6Want dien de Heere liefheeft, kastijdt Hij, en Hij geselt een iegelijken zoon, die Hij aanneemt.
 die Hij aanneemt Dat is, voor zijn zoon erkent en houdt.
7Indiën gij de kastijding verdraagt, zo gedraagt Zich God jegens u als zonen; ( want wat zoon is er, dien de vader niet kastijdt?)
 verdraagt, Namelijk lijdzaam, of gewillig, als voren.
,
 zo gedraagt Zich God Dat is, zulks is u een zeker teken, dat gij rechte kinderen zijt, en dat God u die toezendt als een vader. Want de goddelozen worden ook wel van God gestraft, maar als van een rechter, en spreken dikwijls godslasteringen tegen den God des hemels in deze straffingen; zie Rev 16:10-11; of vallen in wanhoop, gelijk Saul, Judas, enz.
,
 als zonen, Namelijk ware en rechte kinderen.
8Maar indien gij zonder kastijding zijt, welke allen deelachtig zijn geworden, zo zijt gij dan bastaarden, en niet zonen.
 Bastaarden, en niet zonen Namelijk die de vaders dikwijls verre van zich doen, en voor wie zij geen rechte zorg menigmaal dragen, omdat zij hunne rechte erfgenamen niet zijn.
9Voorts, wij hebben de vaders onzes vleses wel tot kastijders gehad, en wij ontzagen hen; zullen wij dan niet veel meer den Vader der geesten onderworpen zijn, en leven?
 onzes vleses wel tot kastijders gehad, Dat is, onzer lichamen, gelijk de tegenstelling van den vader der geesten vereist.
,
 den Vader der geesten Dat is, den vader der zielen, gelijk dit woord geesten ook hierna vs.23 wordt gebruikt. En wordt God een Vader der geesten bijzonder genoemd, omdat onze zielen van Hem zonder middel in de lichamen worden geschapen.

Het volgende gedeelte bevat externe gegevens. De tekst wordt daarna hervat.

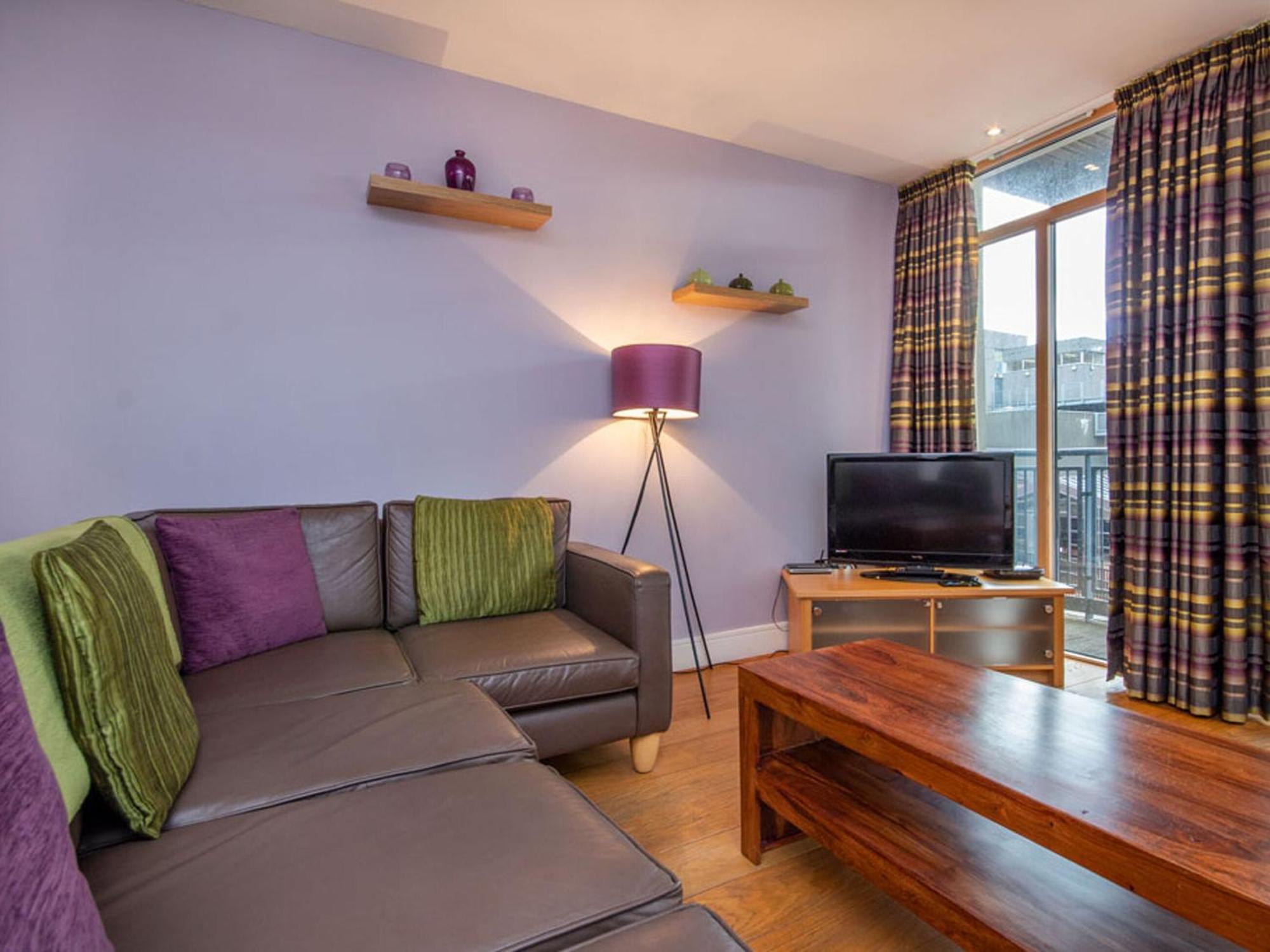 206 By The Bridge Apartment Инвернес Екстериор снимка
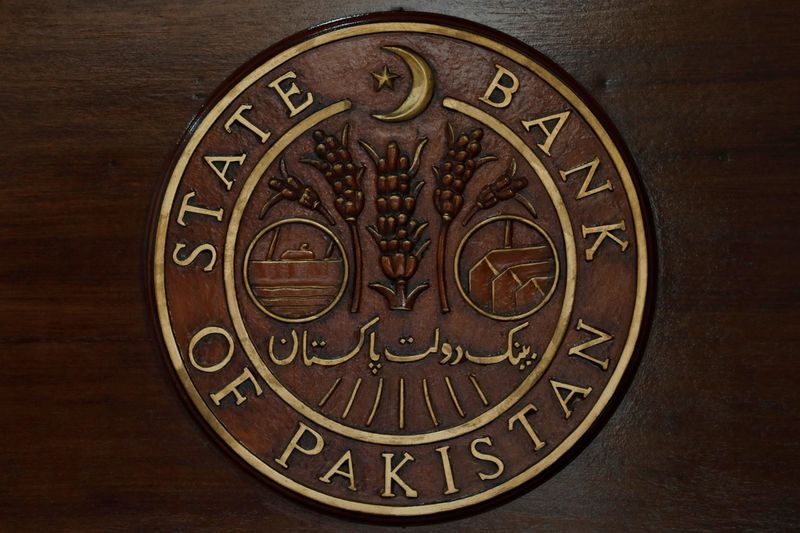 Fitch says Pakistan faces big external financing risks despite economic progress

Zie hiervan ook Num 16:22, en Num 27:16; Ecc 12:7; Zec 12:1.
10Want genen hebben ons wel voor een korten tijd, naar dat het hun goed dacht, gekastijd; maar Deze kastijdt ons tot ons nut, opdat wij Zijner heiligheid zouden deelachtig worden.
 voor een korten tijd, Grieks voor weinige dagen; dat is, in de jaren onzer jonkheid.
,
 Zijner heiligheid Want door het afsterven der zonde, en door de oefening der lijdzaamheid, nemen wij meer en meer toe in de heiligheid, waartoe de kastijdingen middelen en werktuigen zijn.